Pfost entered politics in Canyon County; she held several positions in county government between 1929 and 1951, including deputy county clerk, auditor, recorder of deeds, and county treasurer. She also served as an Idaho delegate to all Democratic National Conventions between 1944 and 1960. The Pfosts ran a real estate business in the 1940s and into the 1950s.

Congress
In 1950, Pfost ran for Congress and won the Democratic nomination over Harry Wall of Lewiston, but narrowly lost to Republican John Travers Wood, a physician from Coeur d'Alene. In 1952, she defeated former eight-term Congressman Compton White, Sr. of Clark Fork in the Democratic primary and unseated Wood in another close general election. Pfost was reelected in 1954, 1956, 1958, and 1960. The "Hell's Belle" of Congress, she was a moderately liberal Democrat, who earned her nickname in her first year, fighting for a large federal dam on the Snake River in Hells Canyon. After years of debate, the single high dam was ultimately defeated and built as a three-dam complex (Brownlee, Oxbow, Hells Canyon) by the local private utility, Idaho Power.

Source:

Run for Senate
Though her House seat was considered secure, the death of Henry Dworshak in July 1962 prompted Pfost to run for his seat in the U.S. Senate. She was the Democratic nominee in the special election, but was narrowly defeated (51%-49%) by the appointed Republican incumbent, former Governor Len Jordan. The election took place shortly after the Cuban Missile Crisis of late October; Jordan was re-elected in 1966 and retired at the end of that term, in early 1973.

Pfost's congressional seat was won by six points by Democrat Compton White, Jr. of Clark Fork, the 41-year-old namesake son of the late eight-term congressman. Idaho's other House seat also went to young Democrat, as 33-year-old Ralph Harding of Blackfoot won a second term.
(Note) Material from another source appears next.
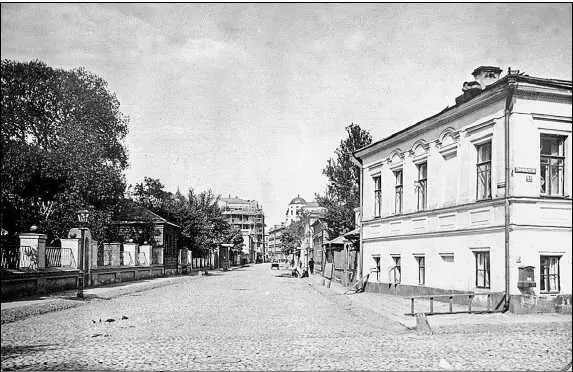 Спиридоньевский переулок Вид от Спиридоновки 1913 г В 2003 г на Патриаршем - фото 81
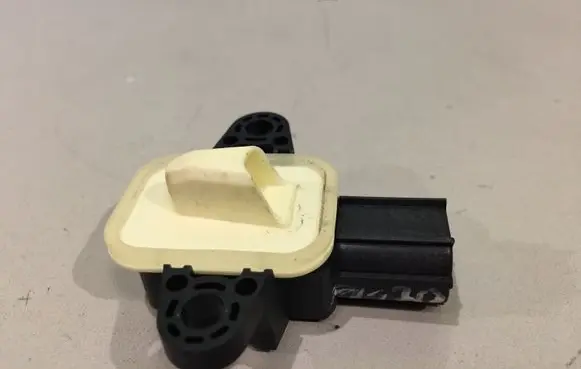 Volvo V60 Airbag deployment crash/impact sensor 30798030 1106093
Idaho's other U.S. Senate seat (class 3) was also on the ballot, with 38-year-old Democrat Frank Church of Boise re-elected to the second of four terms.

To date, Dworshak's seat (class 2), earlier held by William Borah for over three decades, has been continuously held by Republicans for over seventy years (since October 1949), and Idaho has yet to elect a woman to the U.S. Senate.

Death
After leaving the House in 1963, Pfost remained in Washington and worked in the Federal Housing Administration as a special assistant on housing for the elderly. She was hospitalized in Washington with pneumonia in October and a few months later at
Johns Hopkins Hospital in Baltimore, Maryland. Later diagnosed with Hodgkin's disease, Pfost was admitted to Johns Hopkins Hospital several times in 1965, and died there on August 11 at age 59.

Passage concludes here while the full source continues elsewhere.